We define go_build_test in actions.bzl.

def go_build_test(ctx, *, importpath, srcs, stdlib, deps, out, rundir):
  """Compiles and links a Go test executable.

  Args:
      ctx: analysis context.
      importpath: import path of the internal test archive.
      srcs: list of source Files to be compiled.
      stdlib: a GoStdLibInfo provider for the standard library.
      deps: list of GoLibraryInfo objects for direct dependencies.
      out: output executable file.
      rundir: directory the test should change to before executing.
  """
  direct_dep_infos = [d.info for d in deps]
  transitive_dep_infos = depset(transitive = [d.deps for d in deps]).to_list()

  inputs = (srcs +
            stdlib.files.to_list() +
            [d.archive for d in direct_dep_infos] +
            [d.archive for d in transitive_dep_infos])

  args = ctx.actions.args()
  args.add("test")
  args.add("-stdimportcfg", stdlib.importcfg)
  args.add_all(direct_dep_infos, before_each = "-direct", map_each = _format_arc)
  args.add_all(transitive_dep_infos, before_each = "-transitive", map_each = _format_arc)
  if rundir != "":
      args.add("-dir", rundir)
  if importpath != "":
      args.add("-p", importpath)
  args.add("-o", out)
  args.add_all(srcs)

  ctx.actions.run(
      outputs = [out],
      inputs = inputs,
      executable = ctx.executable._builder,
      arguments = [args],
      mnemonic = "GoTest",
      use_default_shell_env = True,
  )

This is the first time we've declared an action with ctx.actions.run instead of ctx.actions.run_shell. The usage of these two functions is quite different, though they take many of the same arguments. run tells Bazel to invoke a command directly without interpreting it through the shell. This is more efficient, less error-prone (no need for quoting), and less OS-specific, so you should prefer run over run_shell whenever possible. In our case, we still need run_shell to build the standard library and bootstrap our builder binary, but we'll avoid it for everything else.

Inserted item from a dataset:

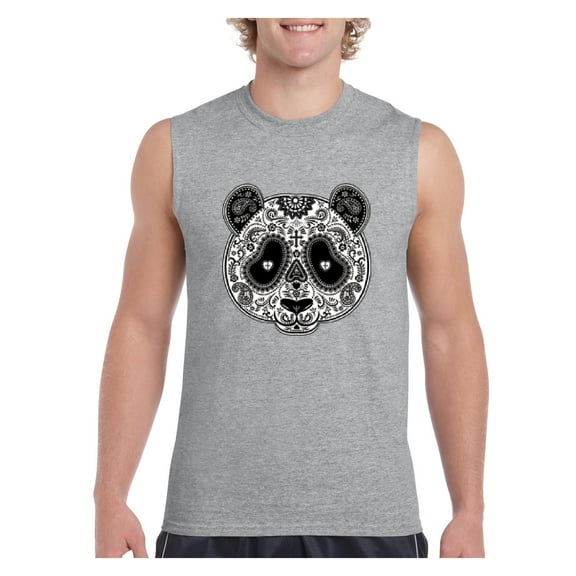 Normal is Boring - Men's Graphic T-Shirt Sleeveless, up to Men Size 3XL - Panda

We are using Args (obtained from ctx.actions.args) to build our argument list. There are a couple advantages to using Args instead of building a list of strings. First, there are several conveniences: you don't have to convert Files to strings, and there are useful facilities for formatting lists of options. Second, if you pass a directory (created with ctx.actions.declare_directory to Args.add_all, the files within the directory will be expanded as individual arguments (assuming expand_directories = True, which it is by default). Third, if you pass a depset to Args.add_all, Bazel won't iterate the depset unless the action is actually executed. This can improve Bazel's performance for builds with very large dependency graphs. If an action is cached, there's no need to construct its command line.

Conclusion

That pretty much wraps it up. Again, I tried to focus on the Bazel rule infrastructure here, so if you're looking for Go-specific details, check out the code in the builder directory. You can see some examples of these Go rules being used in //tests.

To summarize, a good set of Bazel rules should do as much work in the execution phase as possible. The purpose of the analysis phase is to declare files and actions. Rules written in Starlark should do just that with minimal logic. If you notice rules declaring unnecessary files (e.g., internal temporary files) or unnecessary actions (e.g., multiple actions that always execute together), try to consolidate. Simplifying Starlark rules will speed up analysis and will leverage remote caching and execution.

A note on rules_go

rules_go does not currently follow the advice above. It has very complicated logic in some places, especially around cgo (handling C and Go code mixed together, compiled separately). This is mostly a consequence of us trying to implement things that Bazel didn't quite support yet (e.g., C compilation from Starlark rules). Keep this in mind if you're using rules_go as a template for more advanced rule sets.

I'm hoping to get it into better shape in the near future. rules_go_simple is not only a useful example for this blog; it's a prototype for changes I want to make in rules_go in the future.